Question

3) [4] Below are the observed and expected (in parentheses) frequencies for athletic injuries for those athletes who properly stretched versus those who did not. Assuming a ? 2 Test for Independence test is being conducted, at ? = 0.05, are athletic injuries independent of stretching? Only list steps 3-7 of the hypothesis test.

	Stretched	Not stretched	Totals
Injury	18 (20.8)	22 (19.2)	40
No Injury	211 (208.2)	189 (191.8)	400
Totals	229	211	440

Answer 1

The hypothesis for testing is:

The null hypothesis: H₀: Athletic injuries are independent of stretching

The alternative hypothesis: H_a: Athletic injuries are not independent of stretching

Load the data into Excel.

Go to Data>Megastat.

Select the option Chi-square/Crosstab and go to Contingency Table.

Select the Input Range as the data set.

Click OK.

The output obtained will be as follows:

		Stretched	Not stretched	Total
Injury	Observed	18	22	40
	Expected	20.82	19.18	40.00
	O - E	-2.82	2.82	0.00
	(O - E)² / E	0.38	0.41	0.80
No Injury	Observed	211	189	400
	Expected	208.18	191.82	400.00
	O - E	2.82	-2.82	0.00
	(O - E)² / E	0.04	0.04	0.08
Total	Observed	229	211	440
	Expected	229.00	211.00	440.00
	O - E	0.00	0.00	0.00
	(O - E)² / E	0.42	0.46	0.88
		.88	chi-square
		1	df
		.3495	p-value

The chi-square test statistic, X² from the output is 0.88.

The chi-square critical value, X²_criticalfor the degree of freedom, df = 1 and significance level = 0.05 from the chi-square critical value table is 3.841.

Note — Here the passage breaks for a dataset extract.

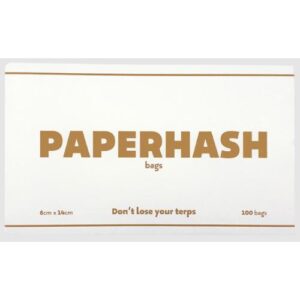 PaperHash XSMALL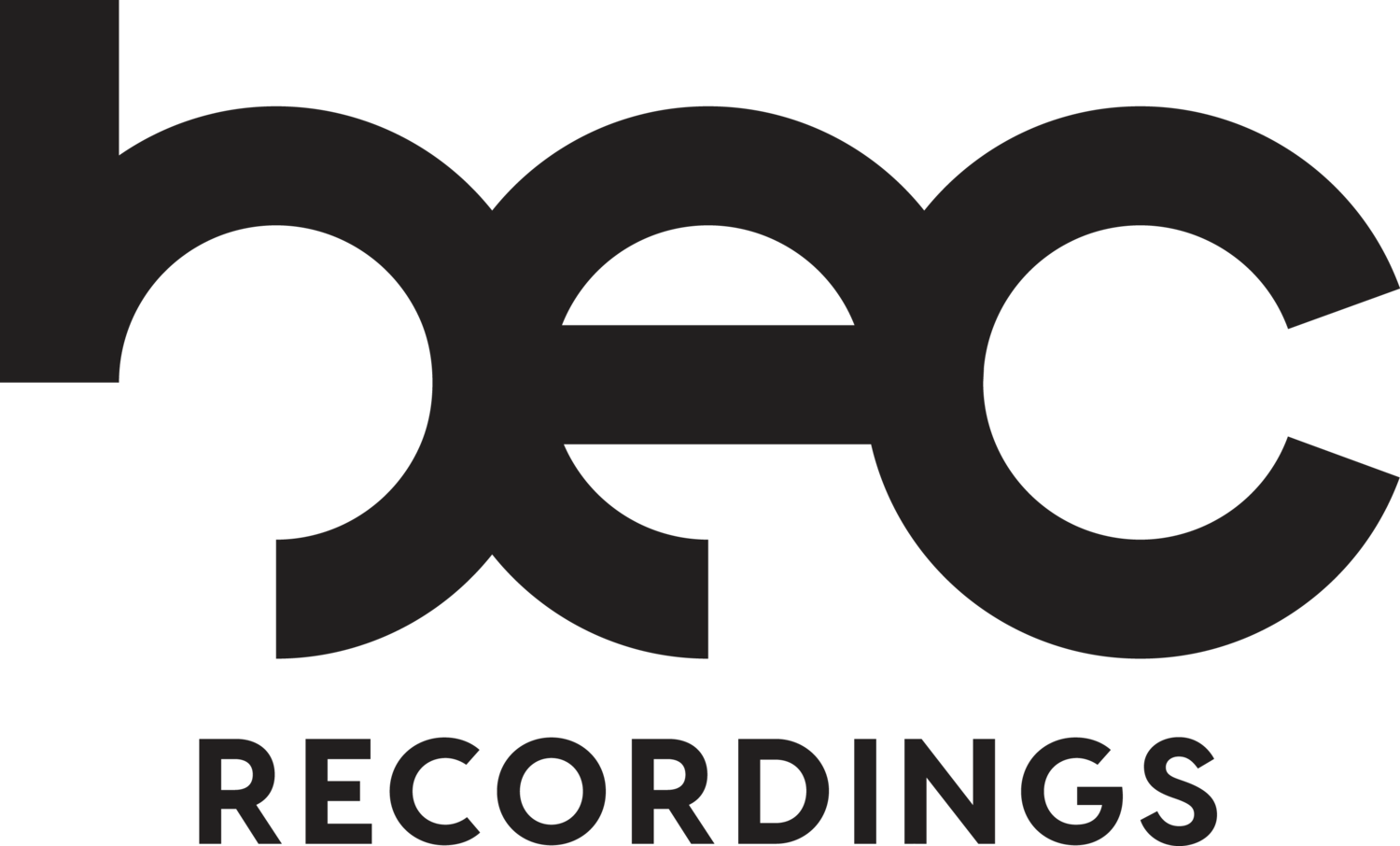 BEC Recordings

The p-value from the output is 0.3495.

Decision:

Since the p-value (0.3495) is greater than the significance level (0.05), we fail to reject the null hypothesis.

Decision:

Since the chi-square test statistic, X² (0.88) is less than the chi-square critical value, X²_critical (3.841), we fail to reject the null hypothesis.

Conclusion:

There is not sufficient evidence to warrant rejection of the claim that athletic injuries are independent of stretching.